◆ **DATA FOR THE TASK**
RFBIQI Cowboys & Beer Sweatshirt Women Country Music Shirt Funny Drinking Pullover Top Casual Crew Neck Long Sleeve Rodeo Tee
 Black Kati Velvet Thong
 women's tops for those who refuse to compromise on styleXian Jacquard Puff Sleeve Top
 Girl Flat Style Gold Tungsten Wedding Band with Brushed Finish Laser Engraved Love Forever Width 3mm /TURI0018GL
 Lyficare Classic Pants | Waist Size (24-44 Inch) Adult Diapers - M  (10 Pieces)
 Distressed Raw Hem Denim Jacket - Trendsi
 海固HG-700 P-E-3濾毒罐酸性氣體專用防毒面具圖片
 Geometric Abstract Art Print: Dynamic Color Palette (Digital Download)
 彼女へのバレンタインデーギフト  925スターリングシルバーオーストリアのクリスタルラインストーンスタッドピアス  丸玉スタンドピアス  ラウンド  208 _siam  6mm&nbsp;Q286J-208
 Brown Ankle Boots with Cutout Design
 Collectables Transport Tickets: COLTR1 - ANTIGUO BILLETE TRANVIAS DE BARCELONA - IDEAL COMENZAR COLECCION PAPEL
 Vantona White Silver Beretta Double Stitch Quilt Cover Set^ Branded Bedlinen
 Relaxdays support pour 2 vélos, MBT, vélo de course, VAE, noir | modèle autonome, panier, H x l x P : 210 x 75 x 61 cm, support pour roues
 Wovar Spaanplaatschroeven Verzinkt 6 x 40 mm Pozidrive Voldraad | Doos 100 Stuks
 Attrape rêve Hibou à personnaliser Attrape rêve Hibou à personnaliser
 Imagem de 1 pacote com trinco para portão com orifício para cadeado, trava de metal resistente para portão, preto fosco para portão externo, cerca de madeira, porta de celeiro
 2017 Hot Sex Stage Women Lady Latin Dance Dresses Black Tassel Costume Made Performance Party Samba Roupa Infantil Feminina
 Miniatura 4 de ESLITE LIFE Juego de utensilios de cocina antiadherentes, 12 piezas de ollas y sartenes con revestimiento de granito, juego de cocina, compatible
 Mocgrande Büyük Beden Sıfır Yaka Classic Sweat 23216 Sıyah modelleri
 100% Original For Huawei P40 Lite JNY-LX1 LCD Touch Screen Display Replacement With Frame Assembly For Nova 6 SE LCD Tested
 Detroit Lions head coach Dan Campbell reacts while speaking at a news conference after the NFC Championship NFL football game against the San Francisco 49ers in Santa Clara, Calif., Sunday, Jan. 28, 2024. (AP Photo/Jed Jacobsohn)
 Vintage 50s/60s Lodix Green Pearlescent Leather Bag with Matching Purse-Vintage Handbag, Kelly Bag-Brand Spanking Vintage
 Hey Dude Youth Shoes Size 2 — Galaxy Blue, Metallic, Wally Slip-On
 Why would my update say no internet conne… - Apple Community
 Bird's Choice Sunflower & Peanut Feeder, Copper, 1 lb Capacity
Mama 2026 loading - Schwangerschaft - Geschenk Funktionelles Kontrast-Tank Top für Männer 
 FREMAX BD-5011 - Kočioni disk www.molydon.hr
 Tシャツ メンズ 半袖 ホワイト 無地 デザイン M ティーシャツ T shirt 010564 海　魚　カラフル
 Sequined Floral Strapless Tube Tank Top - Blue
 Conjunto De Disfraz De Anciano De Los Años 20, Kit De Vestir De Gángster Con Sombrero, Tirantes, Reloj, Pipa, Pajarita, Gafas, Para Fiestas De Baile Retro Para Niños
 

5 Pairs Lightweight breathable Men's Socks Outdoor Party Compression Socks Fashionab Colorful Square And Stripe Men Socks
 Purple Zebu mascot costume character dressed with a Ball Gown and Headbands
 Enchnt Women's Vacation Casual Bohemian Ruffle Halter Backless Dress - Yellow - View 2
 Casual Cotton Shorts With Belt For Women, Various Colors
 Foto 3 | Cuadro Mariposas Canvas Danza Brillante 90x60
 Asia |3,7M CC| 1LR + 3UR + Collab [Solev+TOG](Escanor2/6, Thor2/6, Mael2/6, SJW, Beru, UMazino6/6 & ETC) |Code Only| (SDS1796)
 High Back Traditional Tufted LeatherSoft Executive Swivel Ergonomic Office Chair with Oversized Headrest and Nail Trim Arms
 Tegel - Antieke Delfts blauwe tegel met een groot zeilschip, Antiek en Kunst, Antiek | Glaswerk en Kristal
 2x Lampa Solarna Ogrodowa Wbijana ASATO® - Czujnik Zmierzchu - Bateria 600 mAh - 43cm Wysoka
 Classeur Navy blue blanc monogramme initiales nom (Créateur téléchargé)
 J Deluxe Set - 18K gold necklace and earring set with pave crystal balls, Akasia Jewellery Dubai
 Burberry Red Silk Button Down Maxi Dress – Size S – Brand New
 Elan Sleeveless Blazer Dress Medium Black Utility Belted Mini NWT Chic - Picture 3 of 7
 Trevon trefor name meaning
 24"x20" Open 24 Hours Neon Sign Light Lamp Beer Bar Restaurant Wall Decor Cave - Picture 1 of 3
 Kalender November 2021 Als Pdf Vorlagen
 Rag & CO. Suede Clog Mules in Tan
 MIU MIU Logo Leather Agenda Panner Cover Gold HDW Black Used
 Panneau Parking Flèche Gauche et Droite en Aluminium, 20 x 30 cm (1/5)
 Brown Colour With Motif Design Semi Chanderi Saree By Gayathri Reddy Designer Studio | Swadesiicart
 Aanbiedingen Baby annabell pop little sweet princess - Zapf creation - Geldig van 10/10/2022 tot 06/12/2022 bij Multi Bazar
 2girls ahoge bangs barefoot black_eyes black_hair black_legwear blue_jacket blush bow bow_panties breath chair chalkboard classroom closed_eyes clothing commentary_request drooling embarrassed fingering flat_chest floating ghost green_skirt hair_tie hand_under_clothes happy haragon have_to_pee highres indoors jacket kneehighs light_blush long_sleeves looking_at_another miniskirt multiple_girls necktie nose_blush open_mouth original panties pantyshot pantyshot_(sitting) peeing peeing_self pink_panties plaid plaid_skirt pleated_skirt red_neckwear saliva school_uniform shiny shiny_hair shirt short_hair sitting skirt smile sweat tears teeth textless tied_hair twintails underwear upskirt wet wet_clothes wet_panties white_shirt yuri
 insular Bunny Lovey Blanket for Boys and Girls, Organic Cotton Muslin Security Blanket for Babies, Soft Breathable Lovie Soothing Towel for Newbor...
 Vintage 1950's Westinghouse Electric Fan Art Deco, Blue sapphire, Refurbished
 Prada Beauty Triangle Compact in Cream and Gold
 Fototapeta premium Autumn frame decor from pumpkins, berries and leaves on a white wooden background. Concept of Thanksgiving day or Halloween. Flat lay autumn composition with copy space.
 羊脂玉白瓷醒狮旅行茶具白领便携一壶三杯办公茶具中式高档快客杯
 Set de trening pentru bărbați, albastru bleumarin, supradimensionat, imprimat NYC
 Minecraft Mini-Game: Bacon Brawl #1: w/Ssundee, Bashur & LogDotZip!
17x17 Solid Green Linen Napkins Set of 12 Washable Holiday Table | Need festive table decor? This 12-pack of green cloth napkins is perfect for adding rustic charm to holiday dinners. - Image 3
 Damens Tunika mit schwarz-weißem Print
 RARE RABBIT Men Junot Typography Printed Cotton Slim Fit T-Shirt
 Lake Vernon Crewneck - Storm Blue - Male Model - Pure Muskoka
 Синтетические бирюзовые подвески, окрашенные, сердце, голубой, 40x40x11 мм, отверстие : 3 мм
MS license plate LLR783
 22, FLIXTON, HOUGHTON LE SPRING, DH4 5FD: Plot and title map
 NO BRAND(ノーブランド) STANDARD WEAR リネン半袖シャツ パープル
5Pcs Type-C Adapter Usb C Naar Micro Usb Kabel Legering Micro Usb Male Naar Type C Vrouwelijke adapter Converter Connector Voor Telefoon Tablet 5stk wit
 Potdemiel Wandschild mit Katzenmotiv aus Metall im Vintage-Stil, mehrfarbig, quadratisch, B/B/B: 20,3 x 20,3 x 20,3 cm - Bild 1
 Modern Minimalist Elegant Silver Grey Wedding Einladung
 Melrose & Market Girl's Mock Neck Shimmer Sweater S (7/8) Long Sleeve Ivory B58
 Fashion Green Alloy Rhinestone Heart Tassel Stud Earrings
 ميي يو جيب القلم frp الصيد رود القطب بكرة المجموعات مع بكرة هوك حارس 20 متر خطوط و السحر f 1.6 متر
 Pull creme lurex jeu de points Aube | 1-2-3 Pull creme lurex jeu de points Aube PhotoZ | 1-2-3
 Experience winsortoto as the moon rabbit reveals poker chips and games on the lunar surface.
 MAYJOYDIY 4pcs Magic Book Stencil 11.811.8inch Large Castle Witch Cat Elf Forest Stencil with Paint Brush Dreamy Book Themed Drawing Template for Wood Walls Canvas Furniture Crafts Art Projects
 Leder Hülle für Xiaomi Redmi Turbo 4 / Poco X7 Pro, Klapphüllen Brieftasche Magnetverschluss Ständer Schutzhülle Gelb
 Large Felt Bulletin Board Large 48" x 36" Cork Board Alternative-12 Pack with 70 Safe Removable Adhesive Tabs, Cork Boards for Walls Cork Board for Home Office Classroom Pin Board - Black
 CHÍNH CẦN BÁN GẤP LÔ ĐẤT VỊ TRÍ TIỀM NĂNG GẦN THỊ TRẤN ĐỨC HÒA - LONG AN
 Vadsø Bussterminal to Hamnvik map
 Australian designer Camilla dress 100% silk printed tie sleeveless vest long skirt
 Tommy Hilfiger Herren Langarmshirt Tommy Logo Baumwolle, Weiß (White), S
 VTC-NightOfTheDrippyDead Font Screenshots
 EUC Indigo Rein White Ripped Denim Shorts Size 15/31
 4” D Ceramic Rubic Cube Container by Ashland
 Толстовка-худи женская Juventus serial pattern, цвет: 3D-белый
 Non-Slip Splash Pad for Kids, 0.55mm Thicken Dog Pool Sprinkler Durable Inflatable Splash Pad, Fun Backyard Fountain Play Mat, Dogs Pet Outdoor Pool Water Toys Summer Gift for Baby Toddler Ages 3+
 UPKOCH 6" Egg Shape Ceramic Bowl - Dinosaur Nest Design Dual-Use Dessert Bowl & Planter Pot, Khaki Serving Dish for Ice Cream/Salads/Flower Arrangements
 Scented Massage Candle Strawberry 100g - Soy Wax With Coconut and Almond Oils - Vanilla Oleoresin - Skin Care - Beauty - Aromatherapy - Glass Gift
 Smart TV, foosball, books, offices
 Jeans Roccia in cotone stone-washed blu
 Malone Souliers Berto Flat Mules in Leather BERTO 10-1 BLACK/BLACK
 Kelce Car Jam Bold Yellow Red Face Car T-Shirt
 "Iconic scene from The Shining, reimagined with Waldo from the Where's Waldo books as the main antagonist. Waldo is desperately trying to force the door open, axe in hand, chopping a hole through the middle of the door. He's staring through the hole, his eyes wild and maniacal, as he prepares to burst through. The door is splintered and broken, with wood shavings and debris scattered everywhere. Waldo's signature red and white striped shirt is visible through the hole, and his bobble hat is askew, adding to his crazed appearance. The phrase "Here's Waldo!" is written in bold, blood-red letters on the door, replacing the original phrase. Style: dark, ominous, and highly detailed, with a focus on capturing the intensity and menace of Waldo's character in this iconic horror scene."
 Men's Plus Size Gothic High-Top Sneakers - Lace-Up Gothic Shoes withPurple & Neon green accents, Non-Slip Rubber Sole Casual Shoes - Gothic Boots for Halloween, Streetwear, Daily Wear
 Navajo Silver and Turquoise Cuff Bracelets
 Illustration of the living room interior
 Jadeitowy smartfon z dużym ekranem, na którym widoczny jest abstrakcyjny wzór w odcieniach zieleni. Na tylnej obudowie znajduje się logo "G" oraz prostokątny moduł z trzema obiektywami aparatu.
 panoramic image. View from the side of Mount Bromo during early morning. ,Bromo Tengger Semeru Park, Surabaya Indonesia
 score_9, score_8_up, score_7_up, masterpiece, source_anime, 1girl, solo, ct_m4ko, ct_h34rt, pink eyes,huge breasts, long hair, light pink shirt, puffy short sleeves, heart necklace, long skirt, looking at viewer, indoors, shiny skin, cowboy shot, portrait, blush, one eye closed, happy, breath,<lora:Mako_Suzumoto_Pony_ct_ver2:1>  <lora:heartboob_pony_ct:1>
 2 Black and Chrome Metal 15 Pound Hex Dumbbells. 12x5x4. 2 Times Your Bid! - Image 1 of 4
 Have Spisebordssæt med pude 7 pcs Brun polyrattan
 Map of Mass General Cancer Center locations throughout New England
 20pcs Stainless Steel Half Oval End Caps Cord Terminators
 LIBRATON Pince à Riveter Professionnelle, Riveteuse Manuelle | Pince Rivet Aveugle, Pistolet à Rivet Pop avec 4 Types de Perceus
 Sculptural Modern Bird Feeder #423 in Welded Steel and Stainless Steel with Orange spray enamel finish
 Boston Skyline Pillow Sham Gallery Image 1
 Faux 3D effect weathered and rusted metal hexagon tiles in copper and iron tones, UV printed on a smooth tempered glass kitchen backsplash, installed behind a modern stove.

◆ **ACTION ITEM**
Up to and including the line with "Vantona White Silver", restate the records above word for word from the very first line.

◆ **WRITTEN ANSWER**
RFBIQI Cowboys & Beer Sweatshirt Women Country Music Shirt Funny Drinking Pullover Top Casual Crew Neck Long Sleeve Rodeo Tee
 Black Kati Velvet Thong
 women's tops for those who refuse to compromise on styleXian Jacquard Puff Sleeve Top
 Girl Flat Style Gold Tungsten Wedding Band with Brushed Finish Laser Engraved Love Forever Width 3mm /TURI0018GL
 Lyficare Classic Pants | Waist Size (24-44 Inch) Adult Diapers - M  (10 Pieces)
 Distressed Raw Hem Denim Jacket - Trendsi
 海固HG-700 P-E-3濾毒罐酸性氣體專用防毒面具圖片
 Geometric Abstract Art Print: Dynamic Color Palette (Digital Download)
 彼女へのバレンタインデーギフト  925スターリングシルバーオーストリアのクリスタルラインストーンスタッドピアス  丸玉スタンドピアス  ラウンド  208 _siam  6mm&nbsp;Q286J-208
 Brown Ankle Boots with Cutout Design
 Collectables Transport Tickets: COLTR1 - ANTIGUO BILLETE TRANVIAS DE BARCELONA - IDEAL COMENZAR COLECCION PAPEL
 Vantona White Silver Beretta Double Stitch Quilt Cover Set^ Branded Bedlinen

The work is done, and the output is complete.